楼門からは東西に回廊が広がっていて、その先はコの字型になっています。朱塗りの柱のつながりが神の住まいの神々しさを引き立てています。回廊は刀などが振り回せないように狭い造りになっています。

皇族や武士の参拝が多いことへの職人の心配りが感じられます。そして、本社のいたるところに再建当時の名工の極色彫刻が施されています。

本社は10棟の建物からなり、今回その全てが国宝に指定される予定です。10棟の建物が一度に国宝になることなどまずあり得ないので、いかに価値が高いものかが伺われます。八幡造の社殿としては最も古く、最も大きいのが最大の特徴です。
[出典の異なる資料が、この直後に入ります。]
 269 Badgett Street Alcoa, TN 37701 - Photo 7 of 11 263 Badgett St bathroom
この社殿は、都に近く朝廷や貴族、庶民にも及んだ八幡信仰の象徴であり続けました。そして、八幡造の特徴は宇佐にも見られる特徴なのですが、建物を前後に並べる独特な社殿配置にあります。

古代王朝時代に遡る神社建築の形式を基本にしながら、欄間に極彩色の装飾や彫刻が施されています。もちろん、装飾技術は近世のものです。

王朝時代の特徴を継承しながら近世的な建築技法を駆使して一体となって一つの社殿の形式を作り上げているのです。古いものと新しいものの融合を継承してきたことが、まさに国宝としての歴史的価値の重みなわけです。
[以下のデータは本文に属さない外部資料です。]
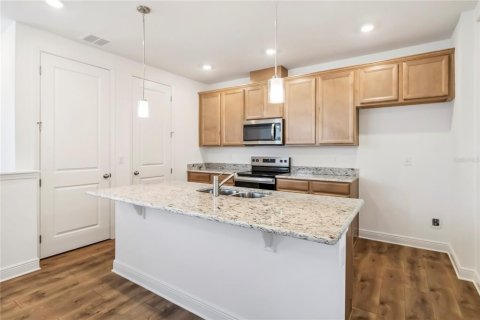 House in Orlando, Florida 1 bedroom, 70.88 sq.m. № 2218154 - photo 6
この本社の社殿のほとんどは江戸幕府3代将軍徳川家光が再建したものです。江戸時代最も栄えた時代、寛永年間です。

社殿の顔でもある楼門の正面の蟇股(かえるまた)にはハトが向き合っています。よく見ると、片方のハトは口を開けています。狛犬と同様に阿吽(あうん)の呼吸で八幡様を護っているのです。

蟇股の裏側には巴の御神文と社殿を修復した徳川家の三つ葉葵の御紋があしらわれています。これはさすがに正面から見える場所ではないのであまり知られていません。この場所は表からはかくれている場所ですが、神様からは一番良く見える場所なのです。
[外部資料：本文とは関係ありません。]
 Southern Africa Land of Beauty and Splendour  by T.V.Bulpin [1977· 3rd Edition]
蟇股の上には極彩色の龍虎の彫刻が施されています。これは家康の干支が虎で、家康を崇拝していた孫・家光の生まれ年が辰だったことに由来しています。境内の各所には橘が植えられています。橘は巴と共に石清水八幡宮の御神文で社殿の至る所に観られます。

本殿内部に、巴の紋が一つだけ他と違って流れる方向が逆になっています。これはわざと未完成にしてこれからもさらに発展するようにと願ったものだそうです。

確か、日光東照宮でも建物の一か所の柱をわざと逆さにして造営しているのも同じ理由だったと思います。創建されている時代が全く同じころなので納得出来ますね。(石清水八幡宮の方は創建といっても再建ですが。)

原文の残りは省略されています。